The Sabarimala temple is undoubtedly one of the most holy places for the Hindus in Kerala. The popularity of the deity Lord Ayyappa, however, goes beyond the state’s borders and the Ayyappa cult has a wide following in other South Indian states too. The pilgrimage to the hill shrine is unique in that it transcends divisions of caste, religion and gender. Every devotee who undertakes the arduous trek becomes an Ayyappa himself/herself the moment he or she wears the ‘mala’, (the ritualistic chain) around the neck.

For millions of Ayyappa devotees, Sabarimala is not just a matter of faith, but a part of their very lives, something they have grown together with in the last many centuries.

The shrine however has some rules restricting entry for women in the age group 10-50. This is on account of the unique feature of the deity at Sabarimala. Ayyappa here is consecrated as a ‘naishtika brahmachari’ (eternal celebate).

Hearing a petition by some activists, who admittedly were not Ayyappa devotees and had no stake in the affairs of the temple, the Supreme Court recently struck down the restrictions saying it amounted to gender discrimination.

The decision of the five-judge Constitution can still be challenged by way of a review petition and if that fails, by a curative petition.

That being so, what is disturbing is the urgency being shown by the Pinarayi Vijayan-led CPM government to implement the verdict. Unlike judgments where the court seeks a compliance report, the Sabaraimala judgement has no such direction fixing any time limit for its implementation.

If the state wanted, it could easily have sought more time from the apex court. What we instead saw is the CM behaving like an obstinate kid and unleashing the brute force of the state on hapless devotees. Thousands baton-wielding cops, gun-toting commandoes, mobile jammers - the state deployed all these to try and annihilate a population that only wanted to save their faith through peaceful prayer protests.

What explains this madness?
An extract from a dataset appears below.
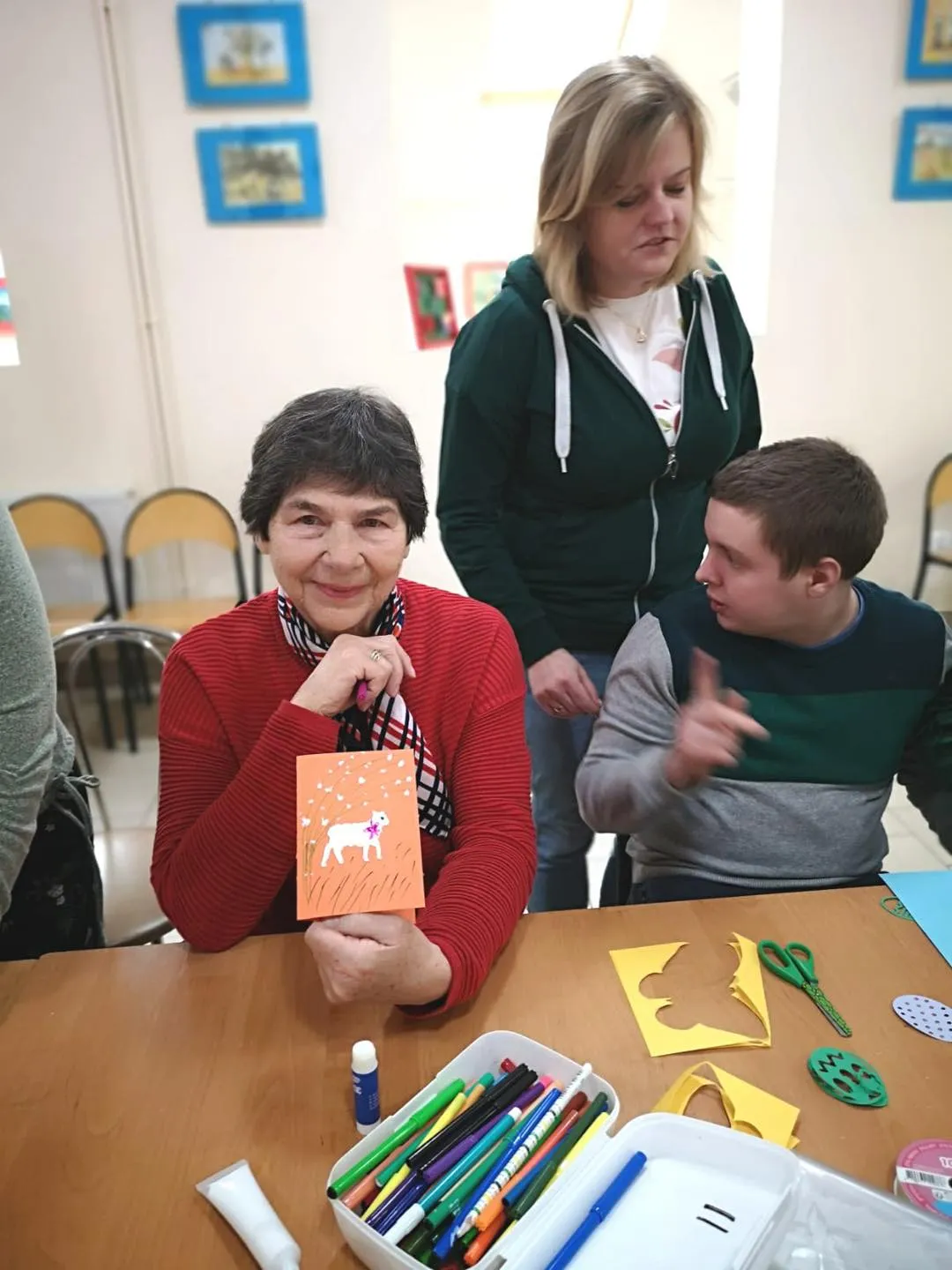 Warsztaty z Seniorami w Domu Dziennego Pobytu w Falenicy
Well, there may be a method to it.

The Sabarimala issue was preceded by devastating floods, which destroyed life and property across Kerala. There was widespread criticism about the manner in which dams were opened at the last minute without putting in place proper precautionary measures. The manner in which the thousands of crores collected by way of flood relief are being spent has also come under the spotlight. During a hearing on the `salary challenge’ exercise floated by the state government to raise funds from government employees, Justice Arun Mishra of the Supreme Court even echoed this concern about the use of the money.

The Sabarimala issue has presented the CM with a golden opportunity to divert attention from the failures of his government.
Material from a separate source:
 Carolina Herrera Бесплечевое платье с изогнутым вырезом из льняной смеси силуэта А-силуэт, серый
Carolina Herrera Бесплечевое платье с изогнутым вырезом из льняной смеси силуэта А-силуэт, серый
A united protest… no one expected..

The state saw unprecedented protests in the aftermath of the Sabarimala verdict with lakhs of women coming out on the streets to defend their faith. The agitation was spontaneous and no one was leading the protestors. Such was the force of their conviction that political parties and outfits had to sit up and take note as the women marched the streets with chants of Ayyappa. The state has not seen such huge yet peaceful protests, that too by Hindus, in a long time. While people cutting across political ideologies joined the protests to defend their belief system, the Chief Minister in his Stalinist style decided to crush it. His actions however have had the unintended consequence of uniting the divided Hindus.

Why the Chief Minister failed?

It is famously said that ‘when faith and politics comes face to face, only faith will win’. Faith has driven human civilization for millions of years. The majority of Hindus in Kerala have always supported the CPI(M) despite Communists calling themselves atheists. But their loyalty notwithstanding, the CPM has only found opportunities to insult their faith. While the party has in the past asked explanations from its Hindu leaders for practicing their faith, it never sought for an such explanation from its leaders who went for Haj or visit Churches. While the party used its cadre to seize control over temples, it has not dared to touch even a single place of worship of other religions. While the Vijayan government is rushing to implement the Sabarimala verdict, it has strangely decided to go slow on executing another order of the same apex court in a dispute between two sects of Christians caught in a bitter power struggle.

Such blatant double standards has instilled a sense of betrayal in the Hindu community which now feels that the COM’s real aim is not to save it but to prepare the ground for its cultural annihilation. The developments over Sabarimala has awakened their pent up anger and may well be the final nail in the CPM coffin.

Pinarayi -  the Hindu Unifier

If Hindus in Kerala have come together for the first time without any single leader to lead them, the credit for it should entirely go to the Chief Minister. His arrogance and the way his government mismanaged the Sabarimala issue has made them realise the need to stand together, lest their very existence becomes doubtful. Those they elected have failed them miserably and the Kerala Hindu may well be on the look out for a better option to govern them. Thanks to the Chief Minister.